Web scraping the yellow pages with Python, get the name and location of thousand of businesses in minutes
In the world of business, a dataset that is of great interest but equally hard to obtain is the location of all your competitors. This short tutorial will guide you on how to scrape location data from a yellow-pages-like website.
Other applications to this code are if you want to know where is a good idea to open a new store or create a list of company leads if you are in sales.
We will be using the selenium library in python, and please note that this is not meant to be a 101 on how to web scrape.
Where are all the Pizzerias?
As a scenario, we will be creating a dataset of all Pizzerias in the country. We are interested in creating a data frame that contains two columns; location name and address. We could get additional data if we wished, like website, reviews, or hours of operation, however, you can achieve this by adapting the code provided in this blog.
Note that for this tutorial I am selecting as the area of search the entire country. This is meant to show how powerful this method is, as we can scrape the data of the 1,579 Pizzerias in the Netherlands within a few minutes.
As the image above shows, the website is constructed so that each business gets its own “element box” on a scroll-down page. Once you reach the end of the website, you can select to advance to the next page button to see more companies' data. This website layout is quite common, so you should be able to adapt my code to your case.

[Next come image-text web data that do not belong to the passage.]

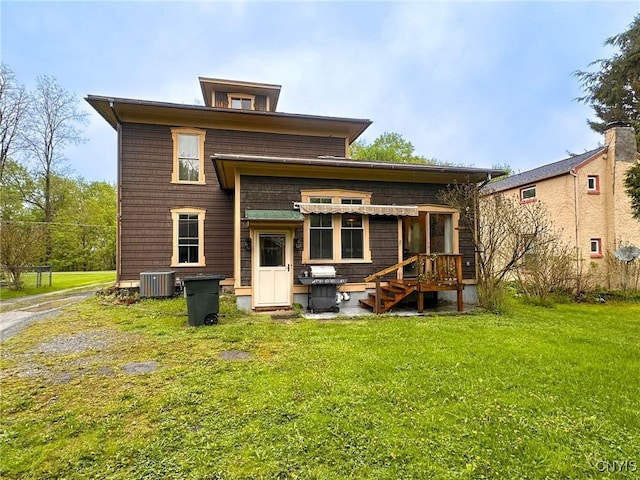 237 James St, Lenox, NY 13032 - rear view of property with central AC unit and a lawn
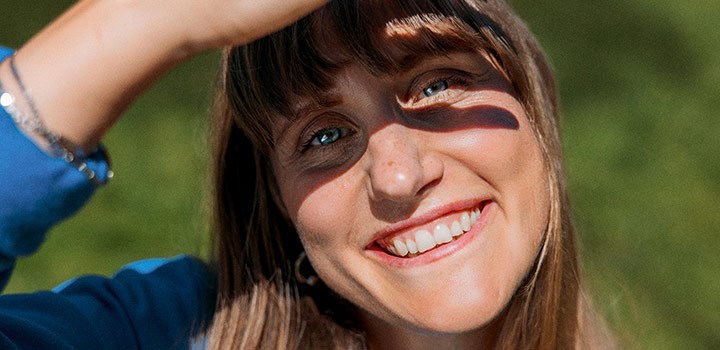 Nyfiken och glad kvinna kollar in i kameran.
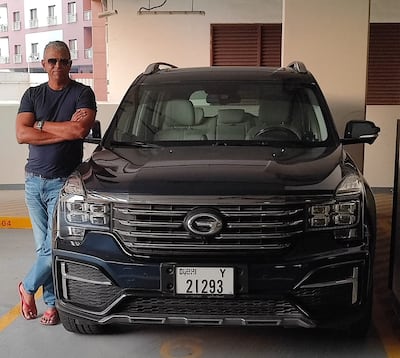 Dubai resident Sultan Qazi with his GAC Trumpchi, which he drives after years behind the wheels of German cars. Photo: Sultan Qazi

At the heart of this method is the ability to create a loop that scrapes each of the “element boxes” (each company box) and can understand when it's time to click “go to next page” and continue the scrapping process. Additionally, we need to be able to save the information we scrape into a data frame.
I will first provide the entire code and then break the code into steps that I will explain.

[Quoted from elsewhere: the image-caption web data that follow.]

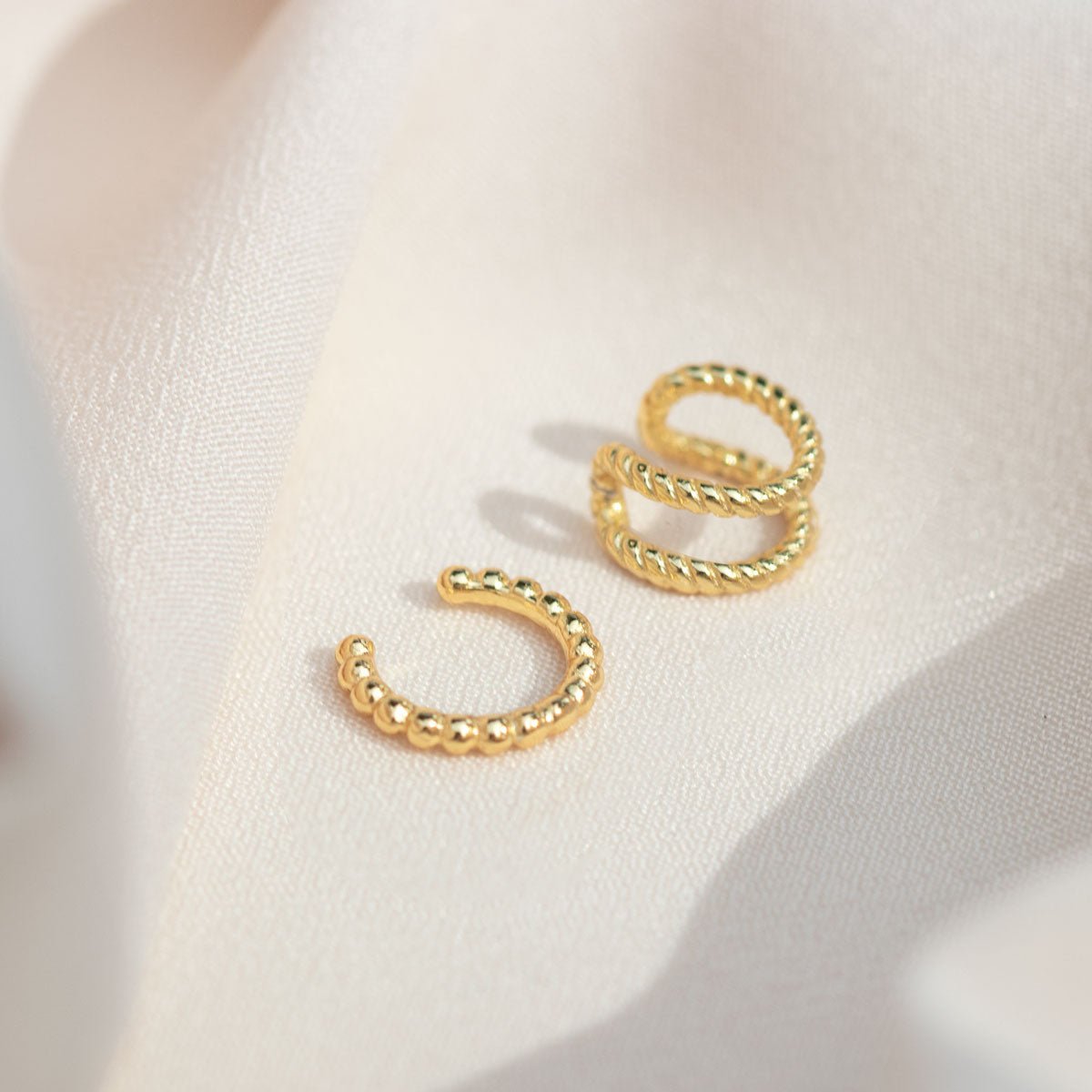Gold vermeil beaded ear cuff beside a twisted-rope cuff, laid on cream fabric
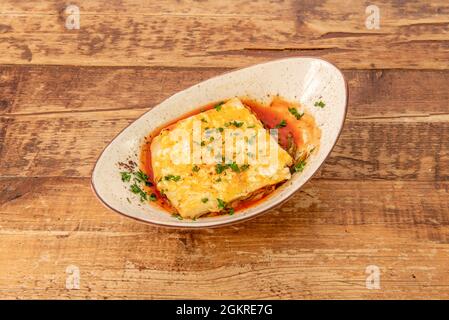 Schöne Schüssel mit italienischer Lasagne gefüllt mit Rindfleisch mit viel Petersilie und viel Pomodoro-Sauce auf Holztisch Stockfoto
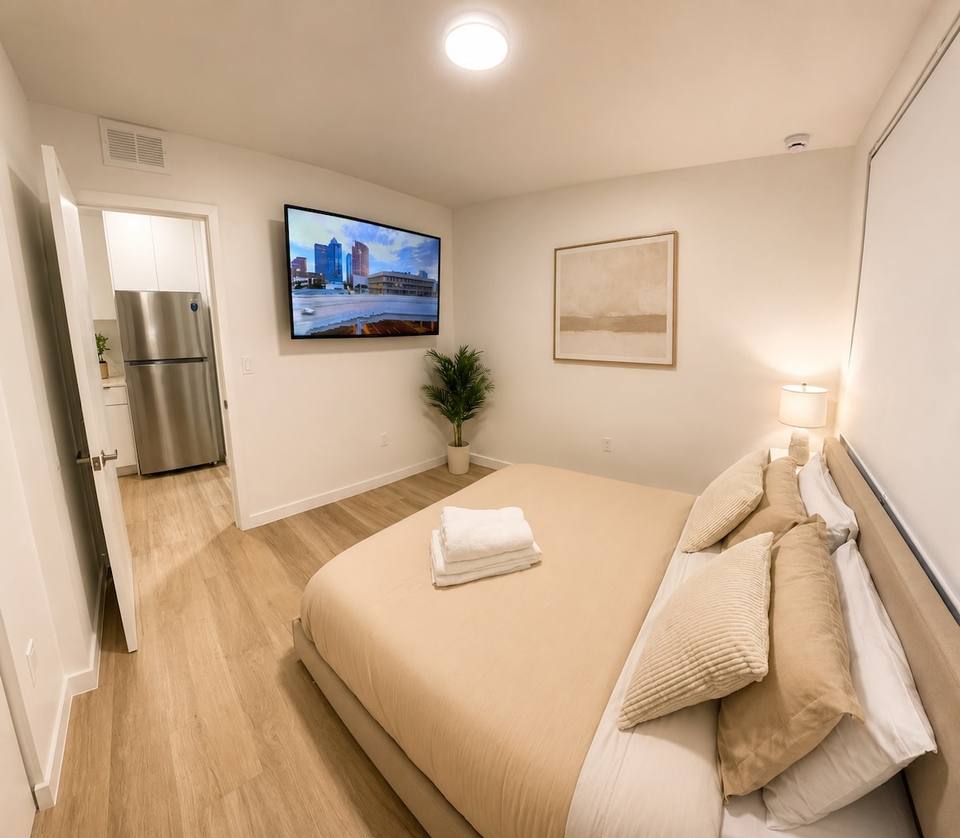 Dormitorio principal con cama Queen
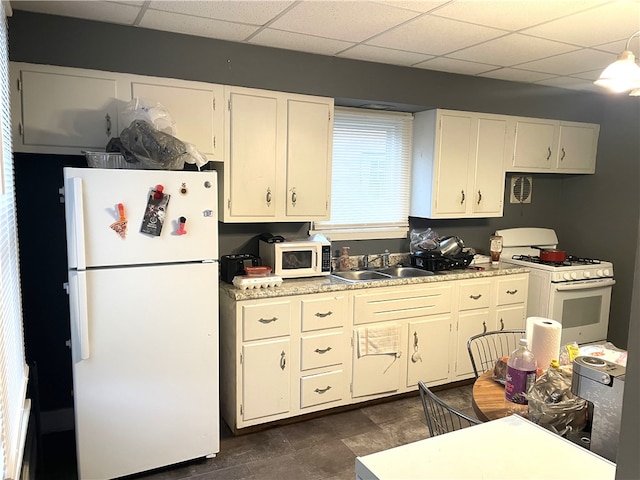 kitchen featuring a paneled ceiling, white cabinets, white appliances, and sink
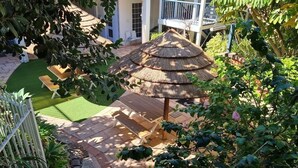 Una zona patio con una struttura a tetto di paglia, sedute e vegetazione circostante.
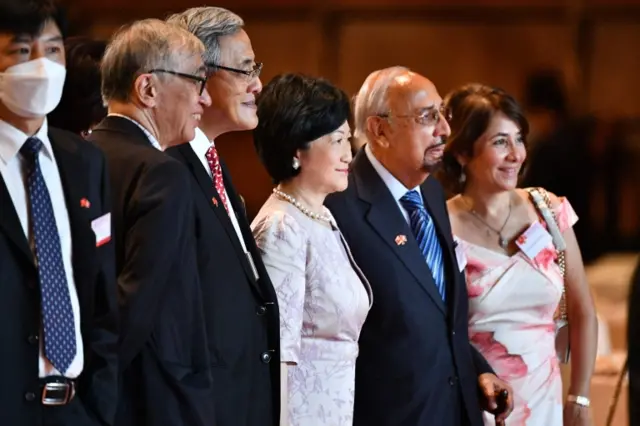 Hong Kong pro-Beijing legislator and former security chief Regina Ip (C) poses with other guests as they attend a gathering following a flag-raising ceremony to mark China's National Day celebrations in Hong Kong on July 1, 2020.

Step 1: Import libraries, set your google chrome path, create an empty data frame and go to the website of interest. Note that the try loop in the screenshot is more complicated than it needs to be, and relates to some cases of accepting cookies. For that reason, in the code below I exclude it.
from selenium import webdriver
from selenium.webdriver.support.ui import WebDriverWait
from selenium.webdriver.common.by import By
from selenium.webdriver.support import expected_conditions as EC
from selenium.webdriver.common.keys import Keys
import pandas as pdPATH ="your locaiton of chromedriver.exe"
options = webdriver.ChromeOptions()
driver = webdriver.Chrome(PATH,0,chrome_options=options,)columns = ['Address2','Zipcode','Phone']
driver.maximize_window()time.sleep(2)click1 = driver.find_element_by_xpath('//*[@id="onetrust-accept-btn-handler"]')
Step 2: Set two variables that we will use to iterate through each “element box”. “Row” will keep track of the index assigned to each “element box” in the website, while “row” refers to the row in the data frame where we will be storing our scrapped text. Note that on the first page, Row and row will be the same, but as we navigate to the second page and beyond, Row needs to be reset to an index of 1, while row needs not to be reset as this would result in the overwriting of the stored row data within the data frame.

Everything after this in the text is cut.